Task objective:
Leave out any pictures and transcribe all other data below exactly.

== Exercise materials ==

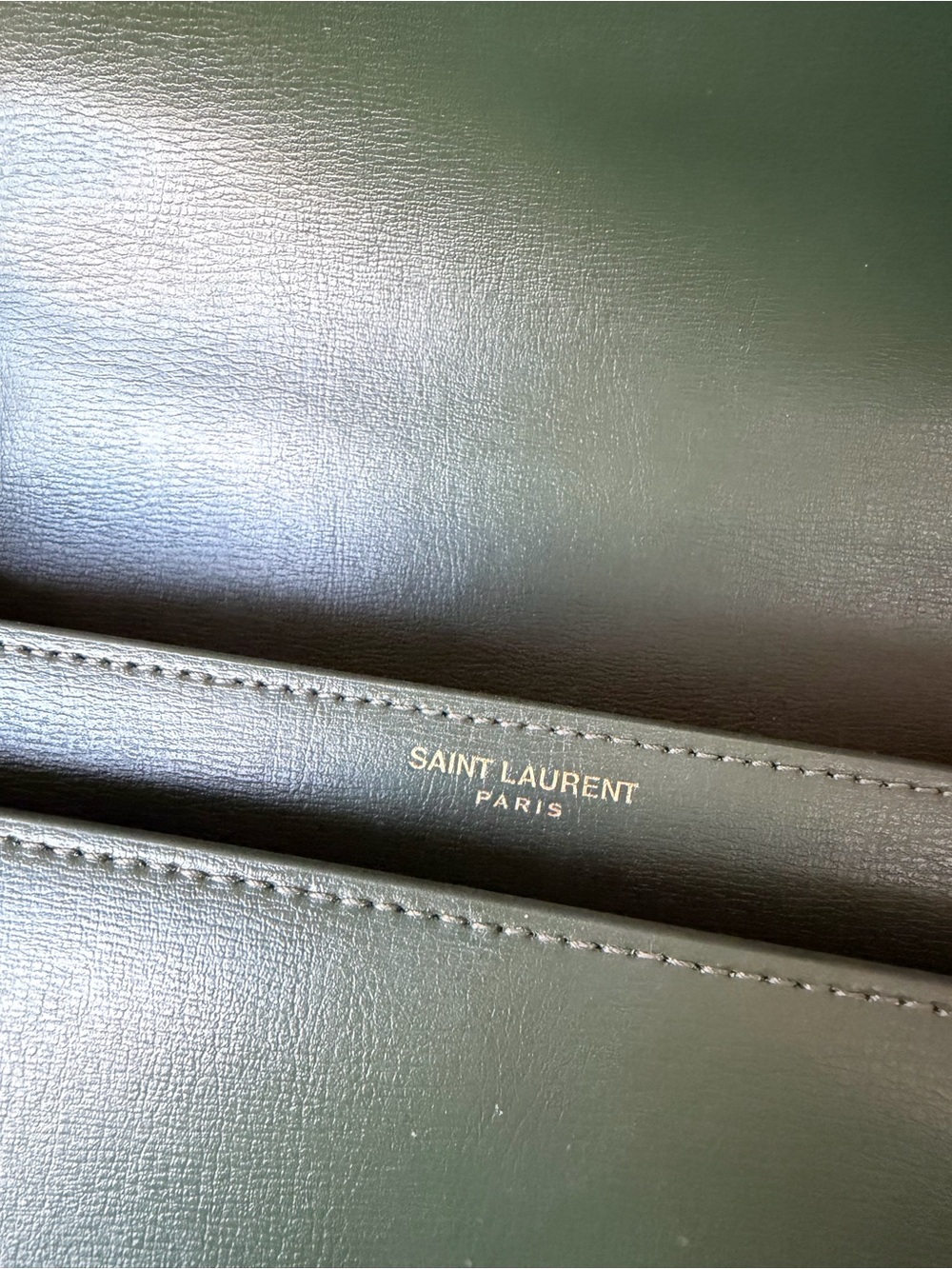 Saint Laurent Sunset Bag, Olive Green Smooth Leather, Chain Strap, Gold Hardware - Picture 8 of 9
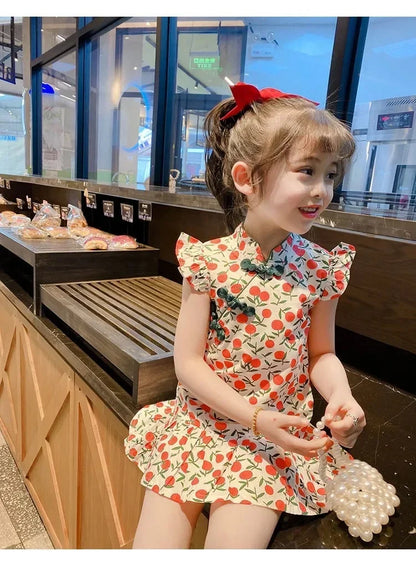 Summer Girl Dress Cheongsam Fashion Baby Chinese Modern Hanfu Girl's Qipao Tang Style Children's Dresses Vestidos Kids Clothes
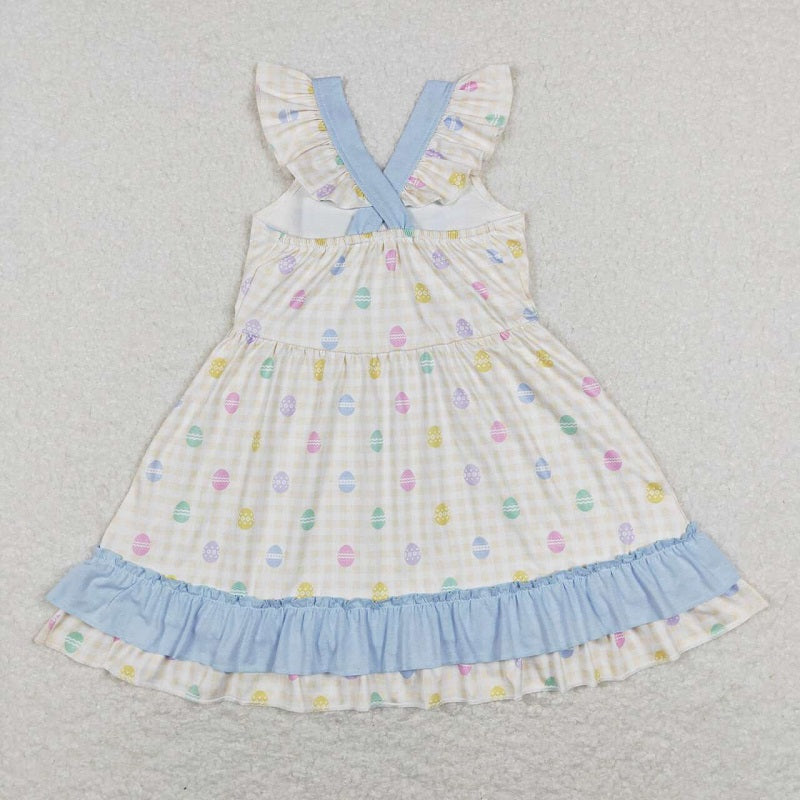 GSD0582 Egg yellow white plaid blue lace bow flying sleeve dress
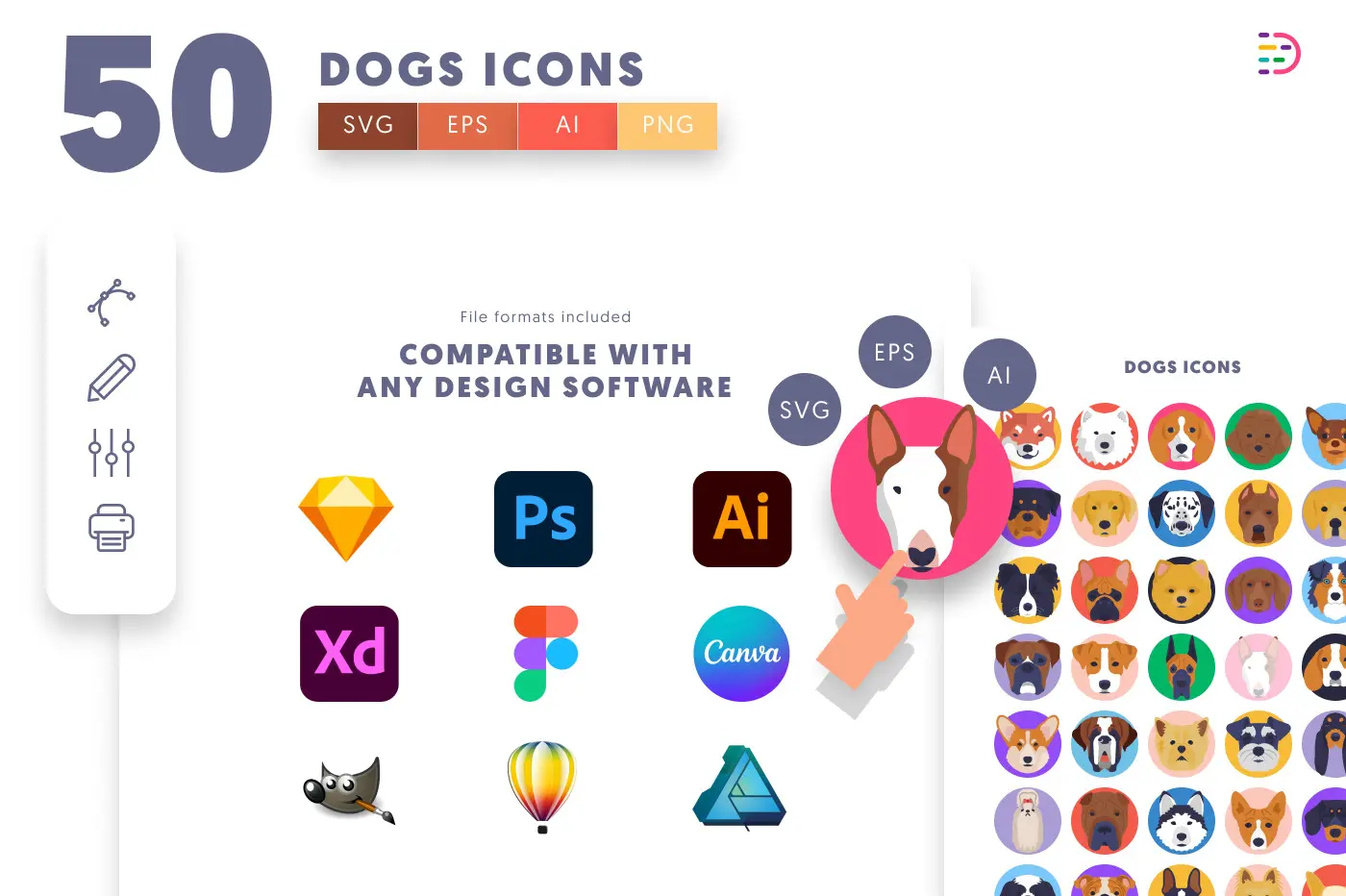 50 Dogs Icons preview 8 – flat circle icons in PNG, SVG and EPS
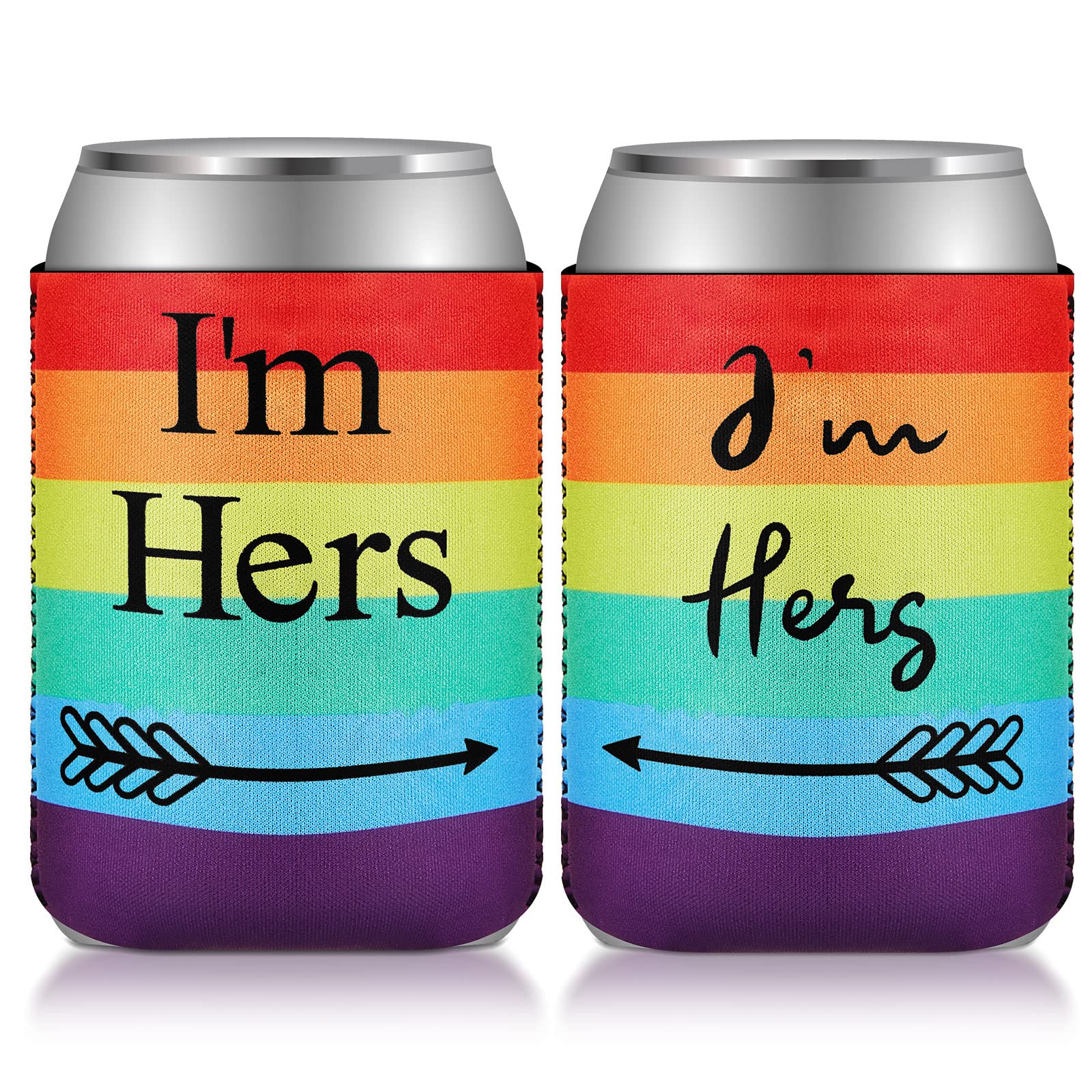 3 Pcs Lesbian Engagement Gift Lesbian Couple Wedding Present Idea Rainbow Neoprene Can Coolers Sleeves with Pink Velvet Bags for Gay LGBT Wedding Bachelorette Engagement Party Decorations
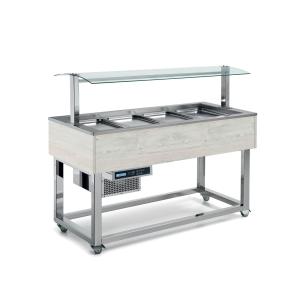 Bar sałatkowy 6xGN 1/1 200 mm z oświetleniem LED, kolor Wenge, ciąg wydawczy  | Redfox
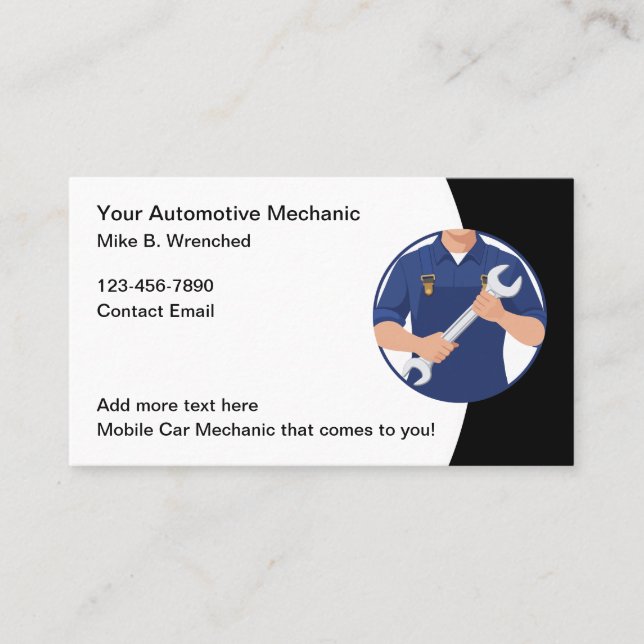 Simple Automotive Mobile Car Mechanic Business Card (Front)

===

Answer to this problem:
 Saint Laurent Sunset Bag, Olive Green Smooth Leather, Chain Strap, Gold Hardware - Picture 8 of 9
 Summer Girl Dress Cheongsam Fashion Baby Chinese Modern Hanfu Girl's Qipao Tang Style Children's Dresses Vestidos Kids Clothes
 GSD0582 Egg yellow white plaid blue lace bow flying sleeve dress
 50 Dogs Icons preview 8 – flat circle icons in PNG, SVG and EPS
 3 Pcs Lesbian Engagement Gift Lesbian Couple Wedding Present Idea Rainbow Neoprene Can Coolers Sleeves with Pink Velvet Bags for Gay LGBT Wedding Bachelorette Engagement Party Decorations
 Bar sałatkowy 6xGN 1/1 200 mm z oświetleniem LED, kolor Wenge, ciąg wydawczy  | Redfox
 Simple Automotive Mobile Car Mechanic Business Card (Front)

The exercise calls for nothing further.